The plentiful water in the Oklahoma area made it a popular excavation area, but the artifacts were not excavated by Oklahomans, and therefore did not stay here. Hoy said a group of locals got together in the interest of seeing some of the artifacts kept in the area.
Instead of the government having to contract with surrounding colleges for excavation work, the museum became a contractor until about 1985. When the contractor operation wound down, the museum’s founders starting collecting ethnographic art, and the collection bloomed from local and the southeast to the southern plains, the northern plains and beyond.
“What happened was by the mid-‘90s, this museum collection actually had more things from other parts of the Americas,” Hoy said. “About 80 percent of our collections are from the Americas – north, south, from prehistoric to contemporary, as we collect what we call contemporary interpretations of traditional craft. We have historic material, but we also have contemporary material.”
The director said the museum is up to 18,000 objects in its collection, and as a result, the museum is set up in themes. Pieces are changed out regularly to give viewers something new to see.

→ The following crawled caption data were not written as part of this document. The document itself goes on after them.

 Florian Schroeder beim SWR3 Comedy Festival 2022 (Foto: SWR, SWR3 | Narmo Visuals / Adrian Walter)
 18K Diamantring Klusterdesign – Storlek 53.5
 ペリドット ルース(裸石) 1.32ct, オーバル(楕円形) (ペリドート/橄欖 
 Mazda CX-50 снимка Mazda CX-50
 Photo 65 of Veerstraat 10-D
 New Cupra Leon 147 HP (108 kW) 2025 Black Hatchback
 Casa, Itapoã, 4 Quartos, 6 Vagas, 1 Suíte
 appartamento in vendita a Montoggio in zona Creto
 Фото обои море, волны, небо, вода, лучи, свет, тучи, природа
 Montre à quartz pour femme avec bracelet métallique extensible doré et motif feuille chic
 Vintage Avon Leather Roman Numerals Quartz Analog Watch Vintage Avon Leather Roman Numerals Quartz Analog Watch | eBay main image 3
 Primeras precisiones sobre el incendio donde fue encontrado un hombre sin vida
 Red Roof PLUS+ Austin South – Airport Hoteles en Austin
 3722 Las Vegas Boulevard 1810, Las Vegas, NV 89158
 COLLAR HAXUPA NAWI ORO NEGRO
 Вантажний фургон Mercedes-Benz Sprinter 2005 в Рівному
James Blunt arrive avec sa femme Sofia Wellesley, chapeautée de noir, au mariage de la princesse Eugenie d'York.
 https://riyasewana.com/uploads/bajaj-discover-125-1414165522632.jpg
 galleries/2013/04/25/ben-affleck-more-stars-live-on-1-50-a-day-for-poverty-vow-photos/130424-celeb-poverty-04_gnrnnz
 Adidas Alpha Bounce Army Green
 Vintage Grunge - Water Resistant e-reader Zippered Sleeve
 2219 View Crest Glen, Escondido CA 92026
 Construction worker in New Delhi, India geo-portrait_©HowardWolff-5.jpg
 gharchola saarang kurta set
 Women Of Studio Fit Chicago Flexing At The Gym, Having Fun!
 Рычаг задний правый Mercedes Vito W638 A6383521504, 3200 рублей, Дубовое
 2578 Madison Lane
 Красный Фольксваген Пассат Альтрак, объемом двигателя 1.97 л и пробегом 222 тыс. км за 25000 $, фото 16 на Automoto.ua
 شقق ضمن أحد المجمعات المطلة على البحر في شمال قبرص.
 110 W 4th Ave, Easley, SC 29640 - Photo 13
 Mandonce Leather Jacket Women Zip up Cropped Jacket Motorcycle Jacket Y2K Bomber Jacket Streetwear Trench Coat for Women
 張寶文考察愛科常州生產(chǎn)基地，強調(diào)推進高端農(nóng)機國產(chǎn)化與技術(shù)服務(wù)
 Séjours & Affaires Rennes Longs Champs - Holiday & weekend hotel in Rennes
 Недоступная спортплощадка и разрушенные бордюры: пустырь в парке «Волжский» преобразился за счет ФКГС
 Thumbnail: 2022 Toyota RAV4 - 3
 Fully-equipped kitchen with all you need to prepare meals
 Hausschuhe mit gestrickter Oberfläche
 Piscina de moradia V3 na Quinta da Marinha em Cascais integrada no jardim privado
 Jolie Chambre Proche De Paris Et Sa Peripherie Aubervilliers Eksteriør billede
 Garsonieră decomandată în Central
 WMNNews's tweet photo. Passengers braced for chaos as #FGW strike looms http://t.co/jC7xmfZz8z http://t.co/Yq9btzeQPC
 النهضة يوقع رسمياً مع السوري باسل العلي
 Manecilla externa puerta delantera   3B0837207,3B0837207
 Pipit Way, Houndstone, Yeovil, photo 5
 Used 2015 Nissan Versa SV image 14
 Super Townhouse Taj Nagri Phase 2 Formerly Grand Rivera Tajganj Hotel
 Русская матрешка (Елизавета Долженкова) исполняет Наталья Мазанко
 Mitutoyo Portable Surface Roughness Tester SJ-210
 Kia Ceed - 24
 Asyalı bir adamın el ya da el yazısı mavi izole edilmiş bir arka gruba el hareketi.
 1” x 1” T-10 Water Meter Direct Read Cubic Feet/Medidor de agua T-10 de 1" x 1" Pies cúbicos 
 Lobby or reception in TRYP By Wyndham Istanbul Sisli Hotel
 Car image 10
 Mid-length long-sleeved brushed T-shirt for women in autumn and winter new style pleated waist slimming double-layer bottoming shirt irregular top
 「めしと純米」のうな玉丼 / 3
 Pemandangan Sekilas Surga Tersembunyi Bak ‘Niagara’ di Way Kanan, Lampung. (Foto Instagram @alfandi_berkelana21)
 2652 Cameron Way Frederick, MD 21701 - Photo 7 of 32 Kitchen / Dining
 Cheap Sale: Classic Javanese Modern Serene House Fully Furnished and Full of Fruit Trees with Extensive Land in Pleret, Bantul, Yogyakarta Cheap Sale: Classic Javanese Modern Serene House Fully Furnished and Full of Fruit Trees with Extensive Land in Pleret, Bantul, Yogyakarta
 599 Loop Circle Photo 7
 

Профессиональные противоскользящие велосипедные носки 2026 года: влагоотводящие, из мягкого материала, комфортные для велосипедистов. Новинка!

One area in the gallery is the thematic gallery, where the museum hosts about six shows a year, Hoy said.
Most of the year the gallery hosts historical pieces, but not always.
“Being the largest exhibit facility for 150 miles in any direction, we have this responsibility as an art museum — we do ethnographic art, that’s our interest — but in terms of exhibition, once a year we also do a modern, contemporary art show just to provide that opportunity for contemporary artists, but also for our visitors, once a year they get to see that art,” Hoy said.
Dominating the front part of the museum and always a child favorite is the Acrocanthosaurus atokensis skeleton replica. In 1983 in McCurtain County about 12 miles from the museum, amateur paleontologists uncovered the dinosaur skull, nearly all the teeth and about 50 percent of the skeleton – unheard of for this particular dinosaur. After years of excavation, the skeleton was sent to a research institution for preservation and research. The Acrocanthosaurus atokensis is now the Oklahoma state dinosaur.
“For a single exhibit, it’s probably our most popular,” Hoy said.
Surrounding the dinosaur skeleton is a fossil exhibit featuring fossils found within the Idabel city limits, Hoy said.
The director said the museum hosts approximately 5,000 school children each year in organized groups from Oklahoma, Texas, Arkansas and Louisiana.
The museum receives collections and donations from individuals all over the United States, and the staff of six works steadily to keep the museum up and running while cataloguing and preparing new exhibits and handling the influx of artifacts the museum receives regularly.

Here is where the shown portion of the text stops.